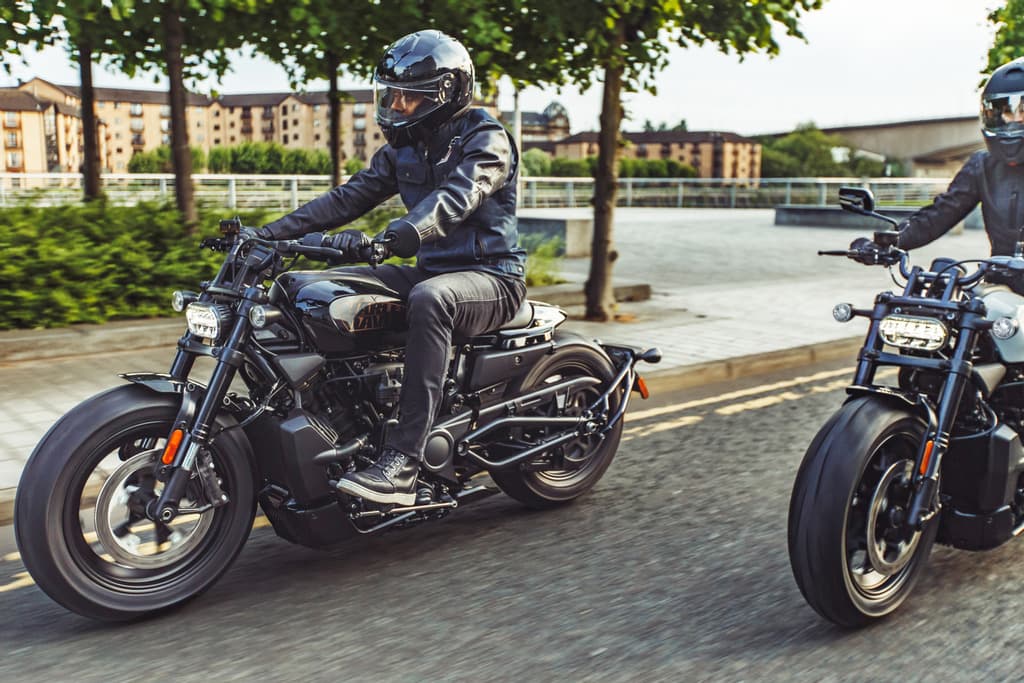 Motociclista con abbigliamento tecnico e casco su una moderna Harley-Davidson nera in movimento. Un secondo motociclista segue. Scena dinamica di test ride.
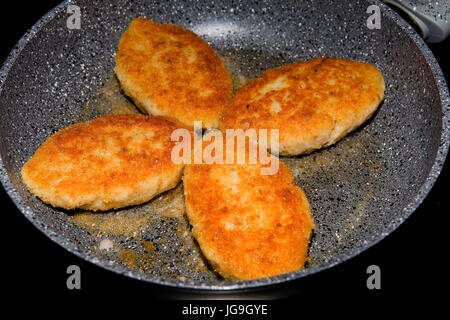 Des cakes avec une croûte dorée frit dans une casserole. Banque D'Images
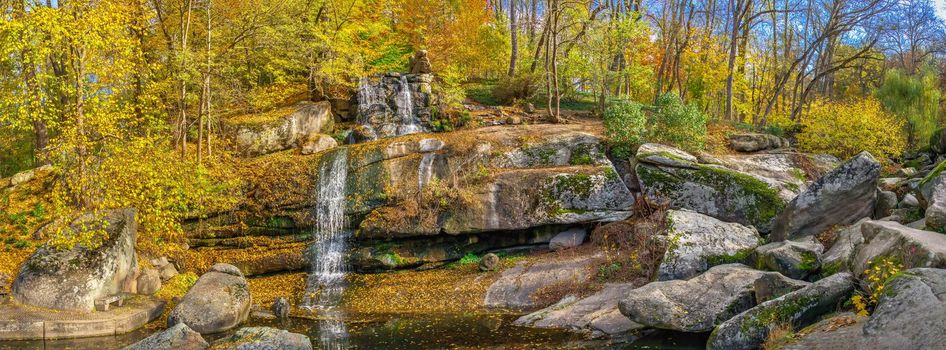 Valley of the Giants and waterfall in the Sofievsky arboretum or Sofiyivsky Park in Uman, Ukraine, on a sunny autumn day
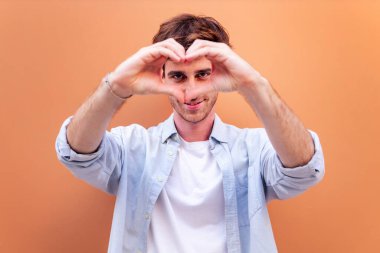 Turuncu duvarın önünde duran genç adam kameraya bakarken kalp şeklinde bir kalp yapıyor, mavi gömlek ve beyaz tişört giyiyor, aşk kavramı, metin için metin alanı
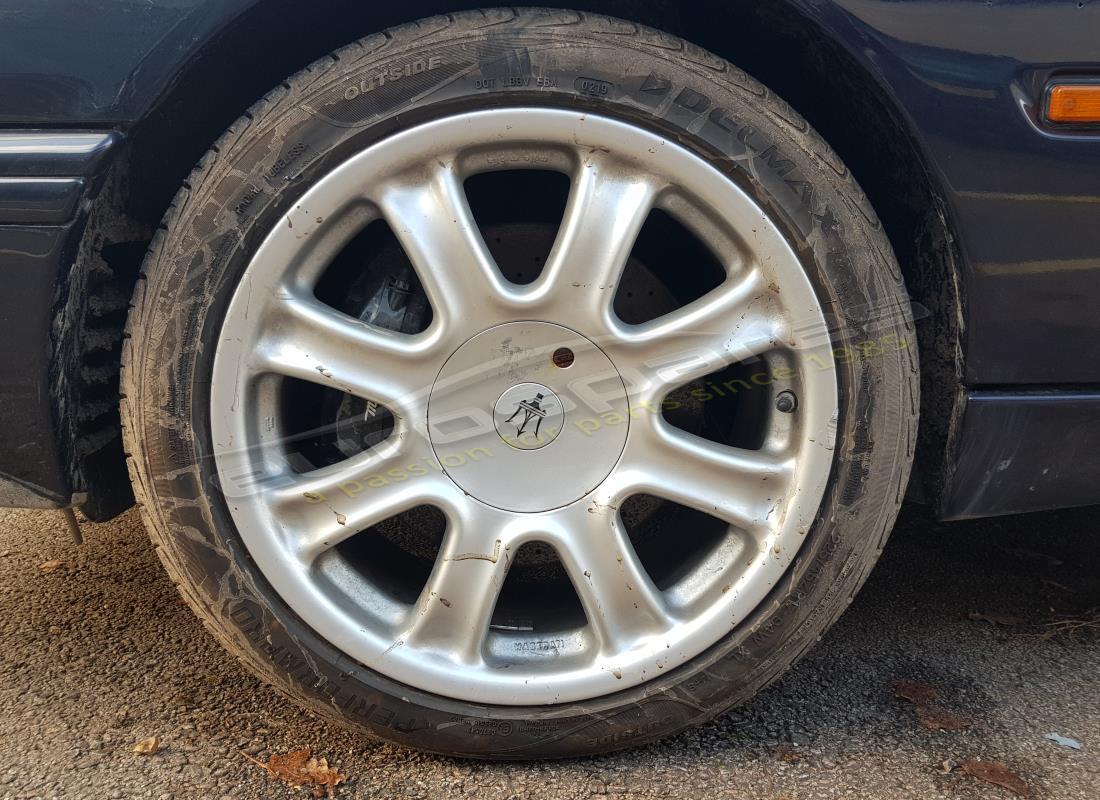 maserati qtp v6 (1996) con varios, preparándose para desmantelar #16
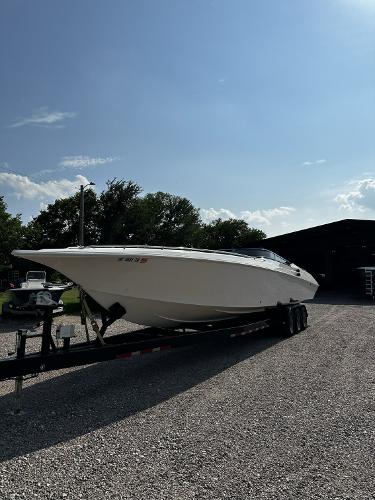 Slide: The Image of 2002 Fountain 42 Lightning speedboat on a trailer in a gravel lot. - 1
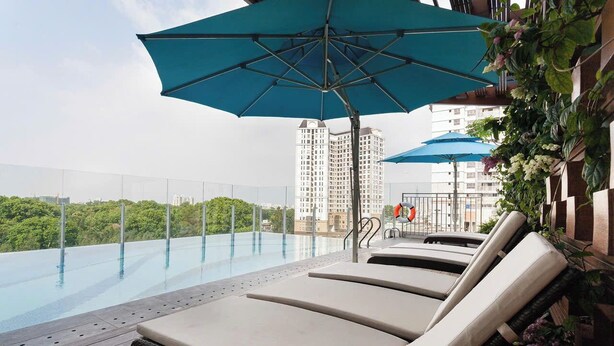 An infinity pool with lounge chairs and umbrellas, surrounded by greenery and high-rise buildings. - Nice Apartments near Tan Son Nhat Airpot (Ho Chi Minh City)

> ACTIVITY: Without including any pictures, print all of the material exactly as given.

> FINISHED TASK:
 Motociclista con abbigliamento tecnico e casco su una moderna Harley-Davidson nera in movimento. Un secondo motociclista segue. Scena dinamica di test ride.
 Des cakes avec une croûte dorée frit dans une casserole. Banque D'Images
 Valley of the Giants and waterfall in the Sofievsky arboretum or Sofiyivsky Park in Uman, Ukraine, on a sunny autumn day
 Turuncu duvarın önünde duran genç adam kameraya bakarken kalp şeklinde bir kalp yapıyor, mavi gömlek ve beyaz tişört giyiyor, aşk kavramı, metin için metin alanı
 maserati qtp v6 (1996) con varios, preparándose para desmantelar #16
 Slide: The Image of 2002 Fountain 42 Lightning speedboat on a trailer in a gravel lot. - 1
 An infinity pool with lounge chairs and umbrellas, surrounded by greenery and high-rise buildings. - Nice Apartments near Tan Son Nhat Airpot (Ho Chi Minh City)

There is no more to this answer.